§ Data extract:
+ + + +
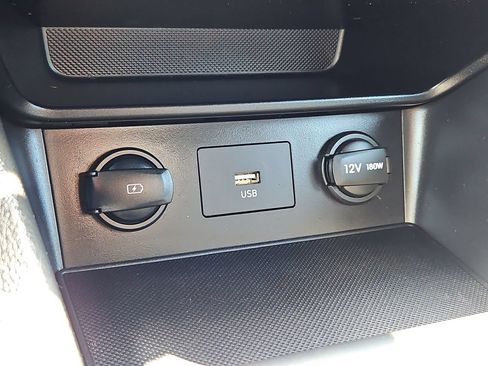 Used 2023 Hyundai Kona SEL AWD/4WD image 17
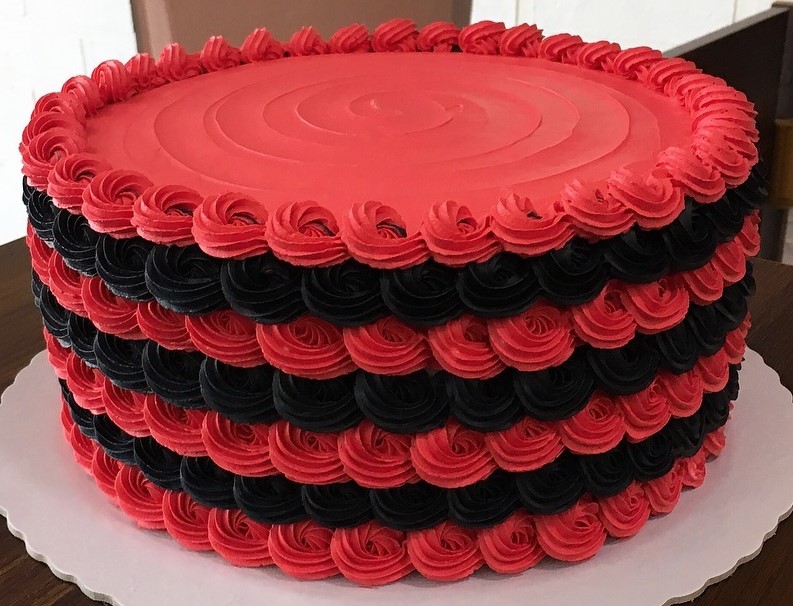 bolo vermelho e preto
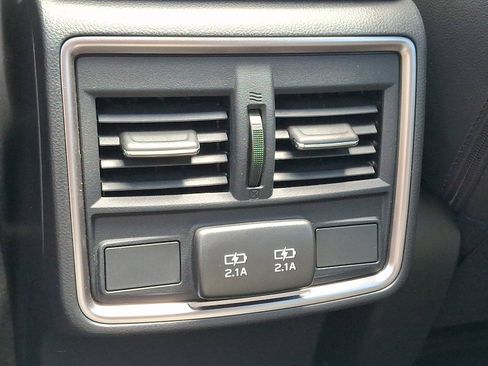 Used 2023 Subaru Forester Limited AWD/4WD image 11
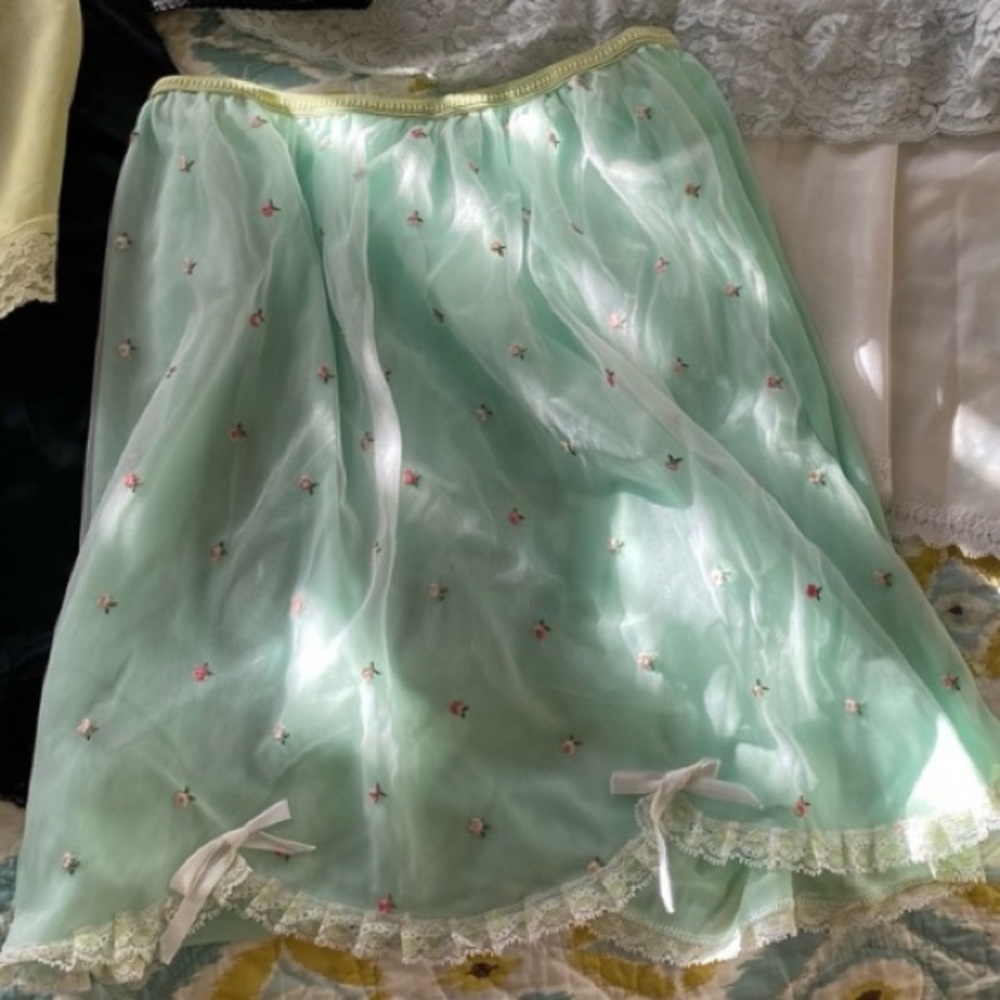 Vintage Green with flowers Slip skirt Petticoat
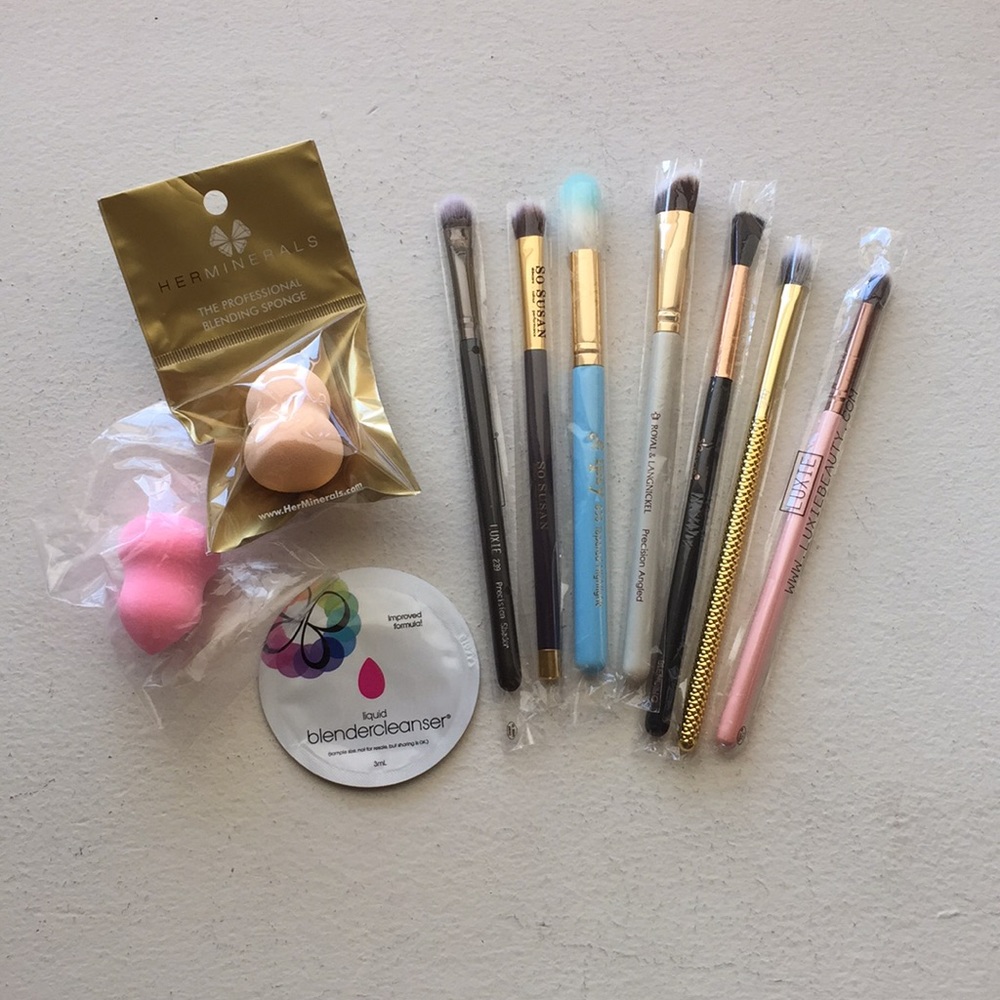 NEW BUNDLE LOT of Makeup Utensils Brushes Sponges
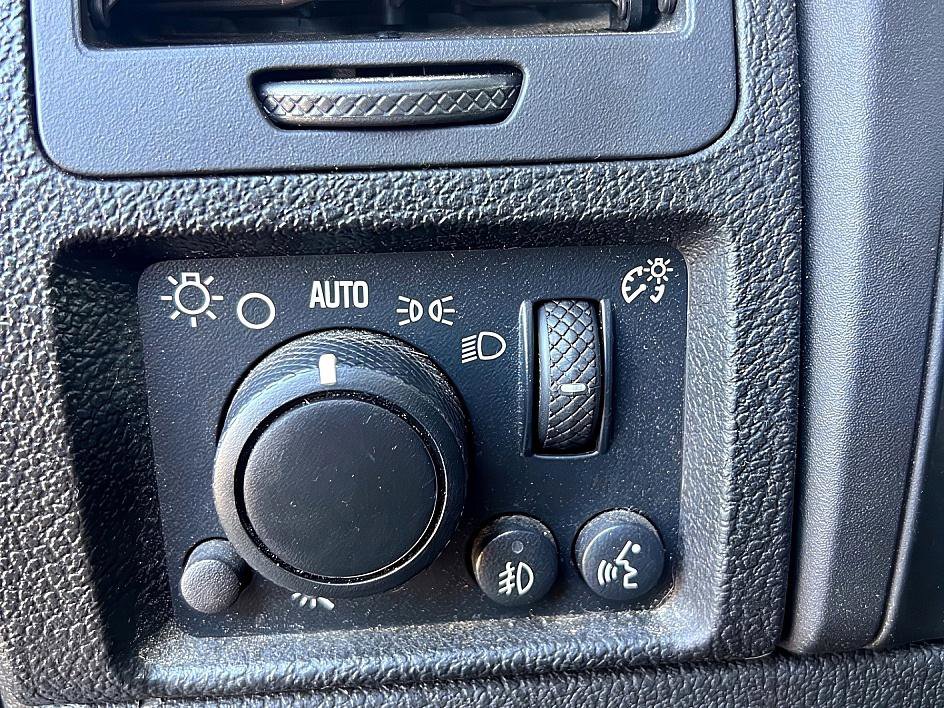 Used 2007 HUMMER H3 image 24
+ + + +
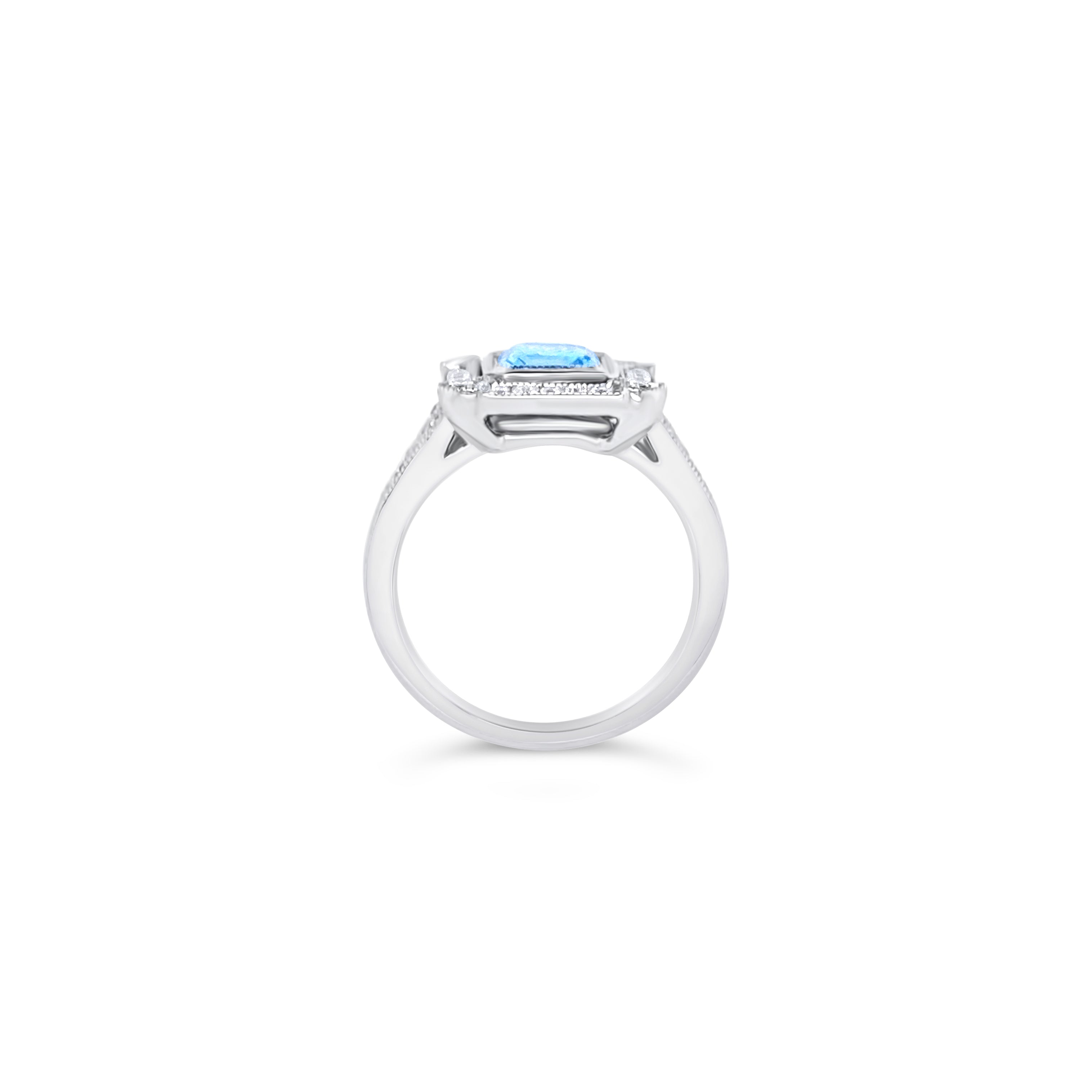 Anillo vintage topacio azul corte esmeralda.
+ + + +
§ Requirement:
What is needed is an exact copy of the lines above from the one with "Used 2023 Hyundai Kona SEL AWD/4WD image 17" to the one with "Used 2007 HUMMER H3 image 24", both ends kept, and nothing more; please leave the pictures out.

§ Result of the exercise:
 Used 2023 Hyundai Kona SEL AWD/4WD image 17
 bolo vermelho e preto
 Used 2023 Subaru Forester Limited AWD/4WD image 11
 Vintage Green with flowers Slip skirt Petticoat
 NEW BUNDLE LOT of Makeup Utensils Brushes Sponges
 Used 2007 HUMMER H3 image 24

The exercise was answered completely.